November 19, 2010

Recipe: handling database communication breakdown in Rails and Django

This recipe is for users who manually handle persistent (shared) database connection, with Oracle, although it's probably easy to adapt for other database backends with small adjustments. I needed to implement this both in Ruby (Rails' ActiveRecord) and Python (django.db) daemons, both working in the same setting. I thought the solution was elegant enough to be cleaned up into a recipe.

Automated database connection pooling for Python (nor Ruby) is not supported with Oracle 10g. Only 11g introduced Database Resident Connection Pooling (DRCP). It probably makes this recipe redundant for Python users with 11g. Oracle has official support for using Python with Oracle Database 11g, using the cx_Oracle driver. I'm not sure but I think Oracle doesn't have any form of official support for Ruby, but the de-facto ruby-oci8 driver works well with ActiveRecord.

Without automated connection pooling you have two decent options. Either open and close a new connection for each request, or save open connections into shared memory. The latter has obvious performance benefits if the expected request rate is high, but exposes a number of other problems this recipe aims to address. A connection can abruptly terminate because of e.g. a network glitch or maintenance downtime, and the sysadmins deploying your software will be happier having to deal with less services to reboot.

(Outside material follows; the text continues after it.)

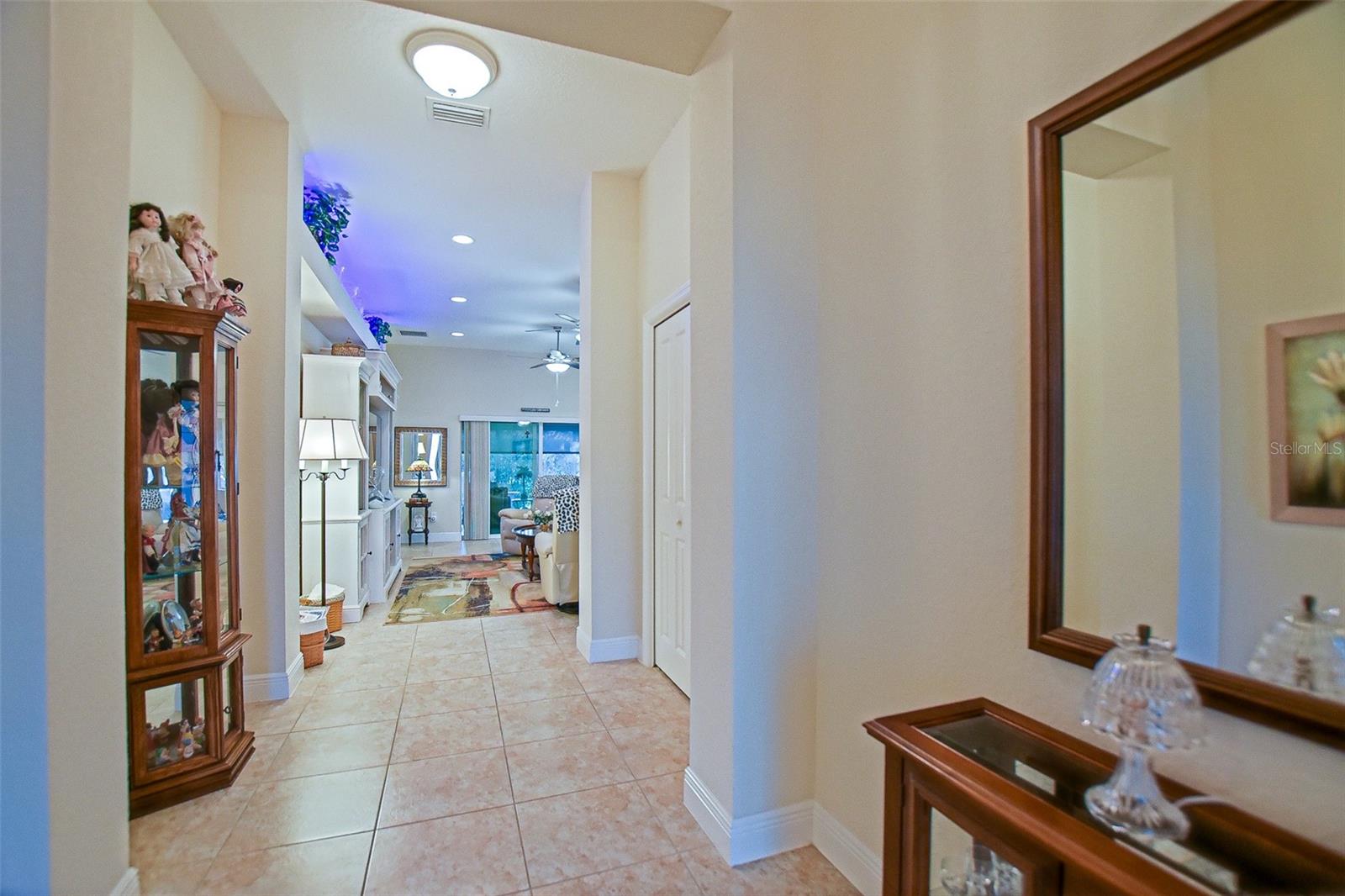 LAKESIDE LANDINGS - Residential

The handler should catch exceptions only related to network or database resource failures, whereas in other cases (SQL typo?) the original exception should not be reacted upon. Figuring out the proper ORA error codes to use was an exciting task, I hope I got them right ;). Those guys at Oracle sure love to make things easy. Since I use a regular expression to match the error message string, a multitude of errors can be matched with a single rule. Fortunately, all errors dealing with Transparent Network Substrate are marked by prefix "TNS". In my tests most errors were indeed caught with the single "ORA-.....: TNS" regexp.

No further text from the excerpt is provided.